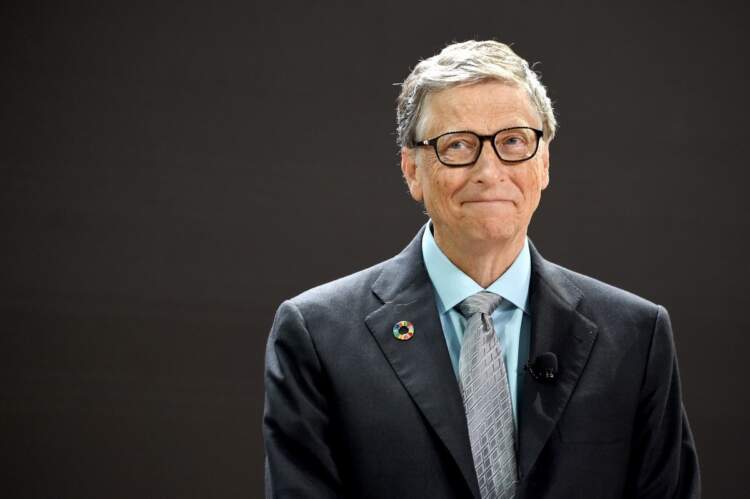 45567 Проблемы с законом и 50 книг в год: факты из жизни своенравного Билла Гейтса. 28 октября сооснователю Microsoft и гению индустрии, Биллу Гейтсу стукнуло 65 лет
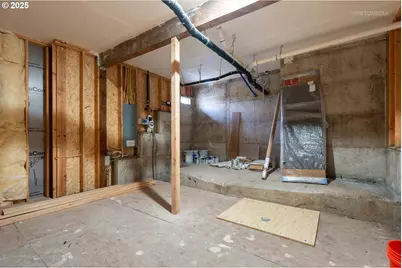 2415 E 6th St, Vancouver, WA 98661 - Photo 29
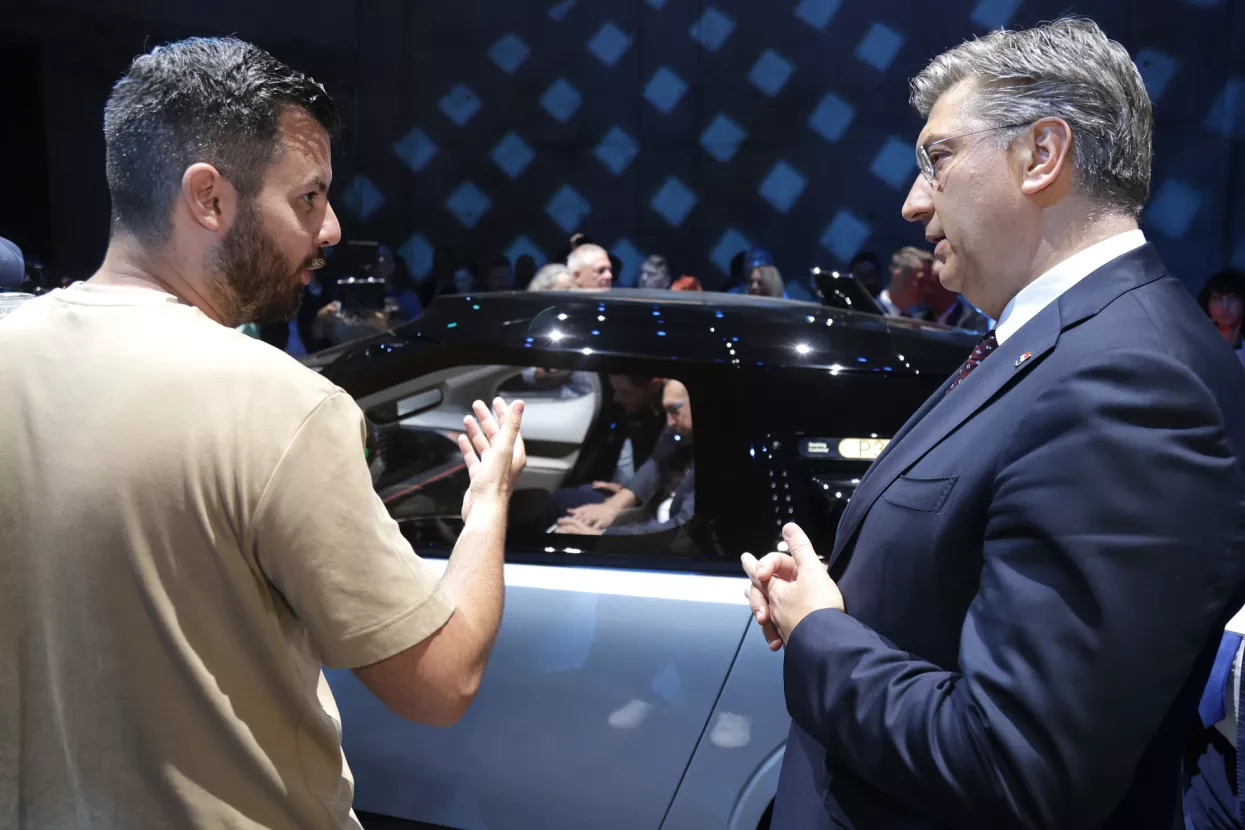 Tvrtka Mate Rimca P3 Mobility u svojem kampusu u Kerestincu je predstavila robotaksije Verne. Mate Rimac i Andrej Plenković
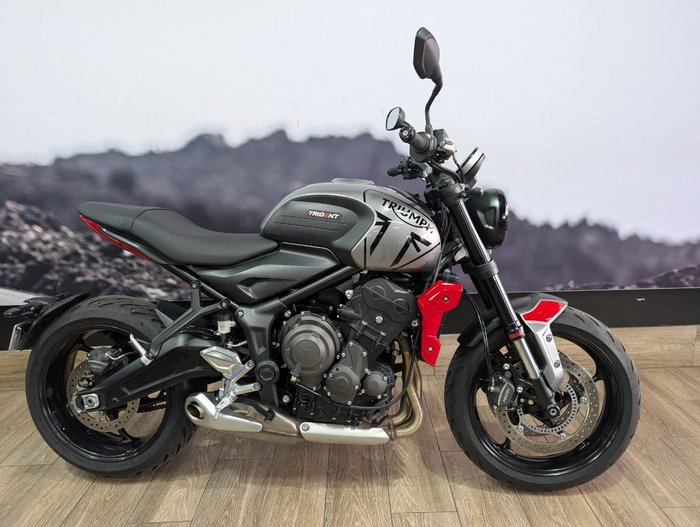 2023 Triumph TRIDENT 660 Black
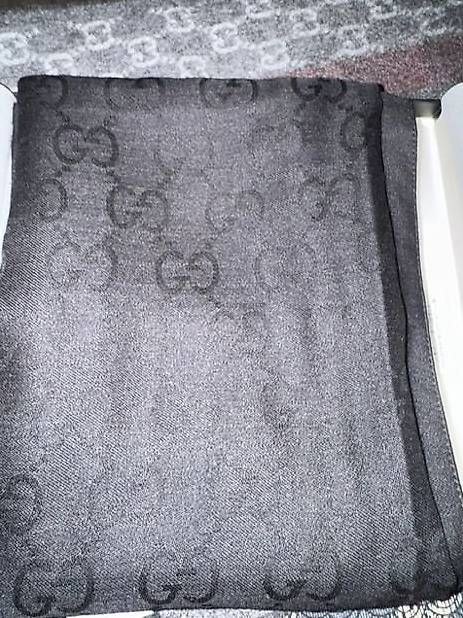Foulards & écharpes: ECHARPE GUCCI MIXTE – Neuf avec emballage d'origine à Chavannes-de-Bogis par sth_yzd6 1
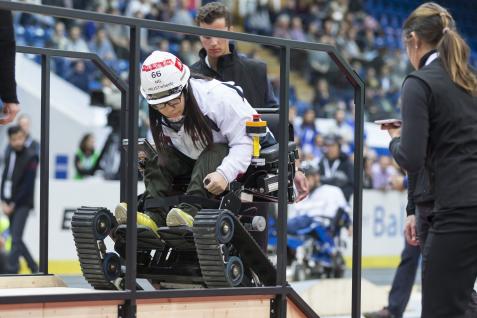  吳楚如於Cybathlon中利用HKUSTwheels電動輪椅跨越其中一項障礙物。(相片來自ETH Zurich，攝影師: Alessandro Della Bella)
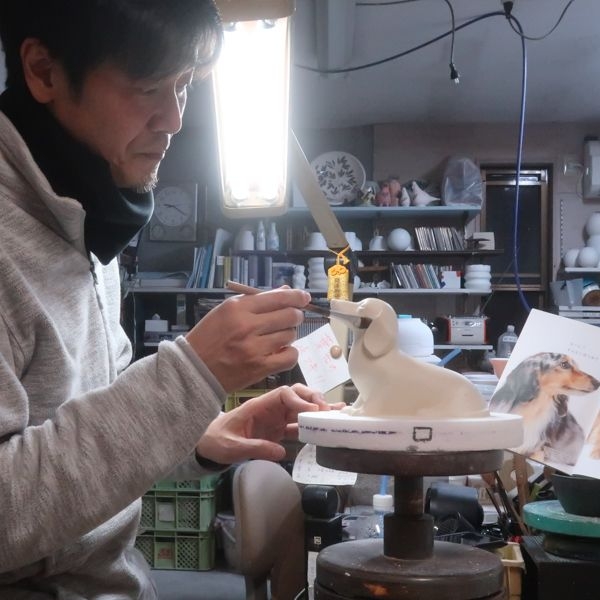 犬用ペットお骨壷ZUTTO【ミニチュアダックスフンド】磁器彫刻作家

= = = = = = =

What is needed: All of the material above is to be retyped exactly, with no pictures included.

Task result:
 45567 Проблемы с законом и 50 книг в год: факты из жизни своенравного Билла Гейтса. 28 октября сооснователю Microsoft и гению индустрии, Биллу Гейтсу стукнуло 65 лет
 2415 E 6th St, Vancouver, WA 98661 - Photo 29
 Tvrtka Mate Rimca P3 Mobility u svojem kampusu u Kerestincu je predstavila robotaksije Verne. Mate Rimac i Andrej Plenković
 2023 Triumph TRIDENT 660 Black
Foulards & écharpes: ECHARPE GUCCI MIXTE – Neuf avec emballage d'origine à Chavannes-de-Bogis par sth_yzd6 1
  吳楚如於Cybathlon中利用HKUSTwheels電動輪椅跨越其中一項障礙物。(相片來自ETH Zurich，攝影師: Alessandro Della Bella)
 犬用ペットお骨壷ZUTTO【ミニチュアダックスフンド】磁器彫刻作家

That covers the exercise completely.